Tinggal aku sendiri yang memfasilitasi pembelajaran ini. Dari mulai bermain peran secara perorangan, dilanjut ke berpasangan, sampai pada antara tim pro dan kontra. Dimulai dari sekedar parroting, berlanjut ke mindmapping yang lebih menantang, sampai ke critical thinking yang setiap peserta memiliki kekhasannya. Dari mulai memperdebatkan topik-topik sederhana sekitar kehidupan sekolah, ke masalah pendidikan yang lebih luas, sampai ke masalah sosial-budaya, politik, ekonomi, lingkungan dan sebagainya. Pendeknya, apa yang aku tahu dan bisa secara teoritis sudah aku sampaikan. Dan itu tertuang dalam Practical Guide for Competitive Debating, yaitu modul sederhana yang tiada lain adalah kumpulan dan penyempurnaan handouts yang aku buat setiap sehari sebelum latihan.

Tinggal praktik dan simulasi untuk meningkatkan skill, sense dan kreativitas. Tapi anak-anak pasti akan bosan kalau kegiatan terus seperti ini, monoton, kurang ada tantangan.

"Tim kita nanti bisa ber-sparing-partner." Tiba-tiba teringat ajakan Pak Sep Suhe, sang mastro yang tempo hari memberikan banyak literatur debat untuk mulai berlatih. Entah hanya basa-basi atau serius ajakannya itu.

Ah... kalau pun basa-basi tidak masalah. Dan tidak ada salahnya kalau ku coba mengkonfirmasi ajakan yang mungkin saja beliau sendiri sudah melupakannya.

Deal! Akhirnya Pak Sep Suhe tidak hanya mengiyakan tapi juga langsung menantang untuk menyusun jadwal dan agenda pertemuan. Segera aku menemui Wakasek Kesiswaan untuk mengusulkan kegiatan tersebut. Lagi-lagi deal! Belau mengijinkan dan memberikan sejumlah rupiah untuk transportasi dan konsumsi kegiatan tersebut.

Bismillah.... aku berangkat bersama tujuh debatees menuju sekolah dimana Pak Sep Suhe bertugas, SMA yang lebih dikenal SMA Demak karena letaknya di depan makam. Konon katanya secara historis SMA Demak tersebut di awal berdirinya berafiliasi ke sekolah dimana aku bekerja. Dulu waktu sekolah itu baru berdiri  --tentu aku belum bertugas disini --sebagian guru di sekolahku membantu merintis dan mengajar disana. Artinya, sekolahku lebih senior dari sekolahnya. Tidak peduli, junior atau senior, kalau toh lebih mumpuni aku tidak segan untuk berguru kepadanya.

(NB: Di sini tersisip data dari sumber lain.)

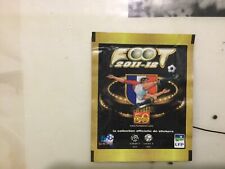 Pochette panini foot d'occasion  Val-de-Saâne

Ternyata lebih dari ekspektasi. Sebelum sparing partner, Pak Sep Suhe sudah mempersiapkan beberapa slides untuk dipresentasikan. Here we go!  Jika dokumen-dokumen yang aku baca merupakan benda mati, bisu dan tidak bisa diklarifikasi. Slide-slide ini hidup dan komunikatif karena dipresentasikan oleh ahlinya. Aku dan peserta lain punya kesempatan untuk bertanya dan minta klarifikasi tentang hal-hal yang belum jelas.

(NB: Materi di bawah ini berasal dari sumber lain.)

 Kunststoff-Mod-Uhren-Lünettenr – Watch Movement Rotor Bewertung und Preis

Dua pasang tim pertama sudah diberi motion dan waktu 20 -- 30 menit untuk case building sebelum permainan dimulai. Case building yaitu berdiskusi secara internal membangun argumen masing-masing. Aku dan Pak Sep Suhe berkesempatan ngobrol, tentu saja ngobrol tentang debat. Banyak ilmu yang aku serap darinya.

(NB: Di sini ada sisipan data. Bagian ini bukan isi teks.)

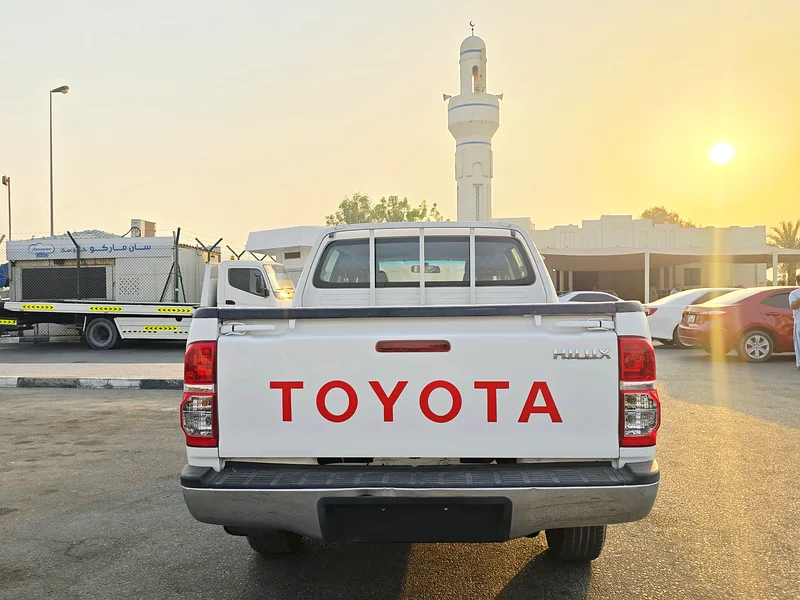 Hilux 4*4 - GCC - Double Cabin - GCC63166156731137114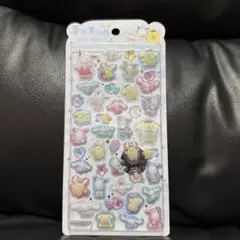 【正規品】サンリオキャラクターズ うるちゅるポップシールのサムネイル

Dan satu lagi kejutan. Ketika dua tim hendak bermain, aku diminta bersama dia menjadi juri dan harus siap memberikan adjudication speech. Beliau menyodorkan dua macam format. Scoring form untuk memberikan skor setiap pendebat dalam muatan argumen (matter) dan bagaimana argumen disampaikan (method dan manner). Yang  akhirnya akan dikalkulasi menjadi skor tim. Adjudication note form untuk mencatat poin-poin penting sebagai dasar juri dalam menyampaikan adjudication speechnya.

"I believe ...." Pembicara pertama Tim Pemerintah menyampaikan argumennya setelah memberikan prolog terkait topik, parameter debat dan pembagian sub topik debat ke pembicara kedua.

"Let me, first, make rebuttal to some points the first speaker of government team delivered...." Pembicara pertama Tim Oposisi menyampaikan bantahannya sebelum dia berbagi sub topik ke rekan se timnya. Taka tiki berlangsung dari tim pemerintah ke tim oposisi, dari pembicara pertama ke pembicara kedua ke pembicara ke tiga, dari pidato substantif ke pidato kesimpulan.

Sparing partner terkesan serius tapi santai. Serius, karena debatees merasa mendapat tantangan untuk menampilkan yang terbaik sebagai bukti dari hasil pelatihannya selama ini. Santai, karena mereka tidak terbebani untuk memenangkan debat karena tujuan utamanya adalah untuk belajar mengasah dan meningkatkan keterampilannya.

Pulang dari kegiatan, aku merasa beruntung sekali. Peserta dilatih oleh orang yang kompeten dalam ilmunya dan berkesempatan berdebat dengan pendebat-pendebat dari luar rutinitasnya. Dan yang lebih merasa beruntung lagi aku mendapatkan ilmu dan pelatihan gratis menjadi coach dan juri debat untuk yang pertama kalinya.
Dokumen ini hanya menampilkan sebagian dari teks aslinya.